The Music Gallery and present CONCRETE TORONTO MUSIC As part of the soundaXis Festival

*** Toronto indie and contemporary musicians pay tribute to iconic city buildings ***

Two concerts in two special *concrete* locations:

Sunday May 25 @ Polish Combatants Hall, 206 Beverley St.
Doors 7pm, concert 8pm
Tickets: $20 regular/$15 member + senior/$10 student

Sunday June 1 @ Ontario Science Centre, 770 Don Mills Rd.
2-5pm • FREE with admission to OSC — OR purchase tickets: $20 regular/$15 member + student INCLUDING SCHOOL BUS RIDE from Music Gallery (meet at 12:45pm)

Advance tickets available at
More info:

• Carla Huhtanen (voice) and Wallace Halladay (saxophone) performing a newly commissioned piece by composer Erik Ross, featuring text by Darren O’Donnell and Carl Wilson
• CCMC (legendary improvising trio: Paul Dutton, voice; John Oswald, saxophone; Michael Snow, keyboards) *** May 25 only
• Sandro Perri (electronics) and Tony Dekker (guitar and voice)
• Smith & Wiernik (electronics and visuals)
• Knurl (contact mic’ed concrete slabs with effects)

About Concrete Toronto Music
Concrete Toronto Music is a concert of original new music, created by Toronto composers and musicians, in response to Toronto’s Concrete Architecture, as catalogued in the 2007 book Concrete Toronto (ERA Architects/Coach House Books, Michael McClelland and Graeme Stewart, editors).
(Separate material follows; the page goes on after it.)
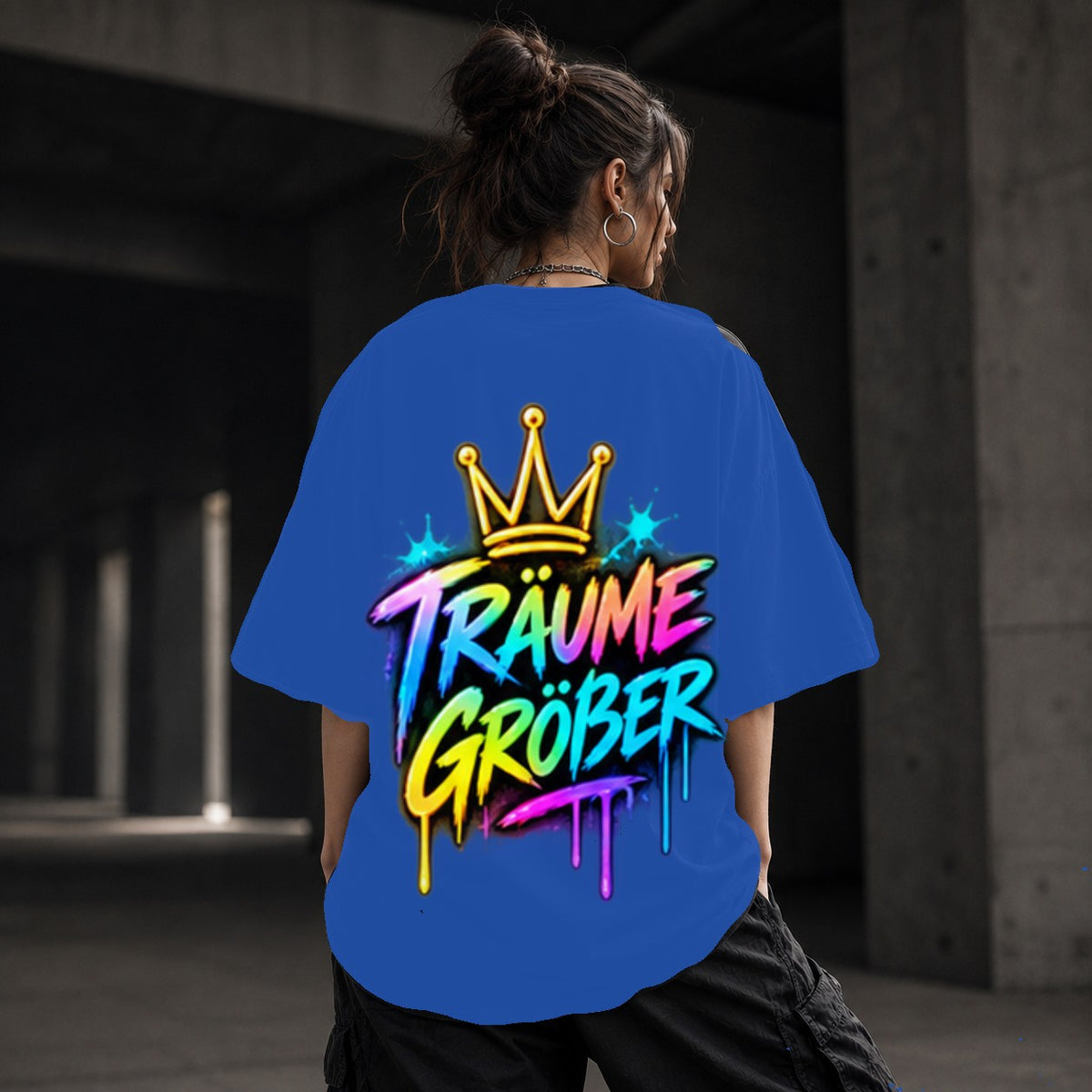 Neon Vibe Damen Oversized T-Shirt – Träume Größer – DTF Backprint in Blau, Größe 5XL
Many iconic buildings, such as City Hall and the Ontario Science Centre, used concrete as their primary material during the building frenzy that gave expression to the growth of Toronto in the decades of the 1950s to the 1970s. The Music Gallery has commissioned a significant handful of Toronto-based composers and musicians to create new works that pay tribute to Toronto’s concrete legacy, experiment with concrete’s mutability and explore these buildings’ role in the city’s psycho-geography. These two concerts take place in two of the actual concrete buildings — the Polish Combatants Hall (Wieslaw Wodkiewicz, architect) and the Ontario Science Centre (Raymond Moriyama, architect). Curated by Jonathan Bunce and Carl Wilson (, author of Let’s Talk About Love).
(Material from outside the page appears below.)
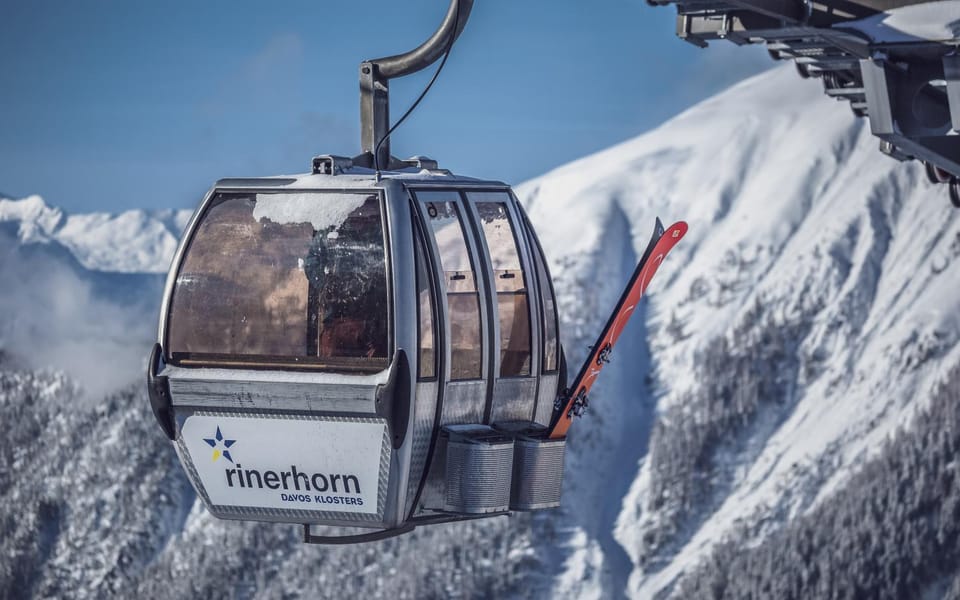Winter, Skiing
CCMC: This free improvisational band and true Toronto institution has been reinventing itself, with shifting constellations and consistent questing spirit, for over four decades. For the last 13 years, CCMC has been the trio of Michael Snow (piano and synthesizer), John Oswald (alto sax), and “concrete” poet Paul Dutton (soundsinging and harmonica), who carry on the iconoclastic practice of the original CCMC formed in 1975 by Snow and four others. Please note: CCMC will be performing on May 25 at the Polish Combatants Hall ONLY.

Tony Dekker
Tony Dekker is a singer/songwriter who explores the worlds of indie folk, roots music and alt-country, with a focus on lyrics and songwriting, making unique references to the City of Toronto’s geography. Known for haunting, somber ballads, Dekker’s sound blends natural reverb with folky arrangements and inspirational lyrics. Three albums have been released to date (the latest, Ongiara, named for the Toronto Island Ferry), which have had Dekker and his the band on the move for the past few years, playing venues across Canada, the United States, Europe, and Australia.,

Wallace Halladay
Canadian saxophonist Wallace Halladay captures the qualities of the modern virtuoso, being at home in numerous styles, from the traditional to jazz and beyond. A specialist in the performance of contemporary music, he has commissioned and premiered numerous works. As soloist, he has performed concerti by Ibert, Schmitt, Husa, Scelsi and Donatoni, as well as premieres of Colgrass, Kagel and Scott Good. Wallace recorded the two saxophone Sequenzas of Berio and the Colgrass concerto for NAXOS. He has been presented by and performed with new music groups and orchestras across Canada and the US. Wallace holds a doctorate from Eastman, and studied in Amsterdam with Arno Bornkamp. Wallace is a Conn-Selmer Artist and plays Selmer (Paris) saxophones.

Carla Huhtanen
Carla began her professional career at Teatro La Fenice (Venice) in Gershwin’s Lady, Be Good! and Cherubini’s Anacreon in 2000. She sang Angelica in Handel’s Orlando and the title role in Purcell’s Fairy Queen, touring Provence. Her UK debut was for Garsington Opera — Lisetta in La Gazzetta (2001) and Serpetta in La Finta Giardiniera (2003). Other highlights include Bernstein’s Candide with the BBC Orchestra, the Israel Philharmonic and the National Orchestra of Malta. At home in Toronto, she sings with Opera Atelier and Tapestry New Opera. Recent performances include Salonen’s Five Images after Sappho (KW Symphony) and Tapestry’s Opera to Go. Future engagements include Blizzard Voices (Moravec) with Opera Omaha and Opera Atelier’s Die Entfà¼hrung.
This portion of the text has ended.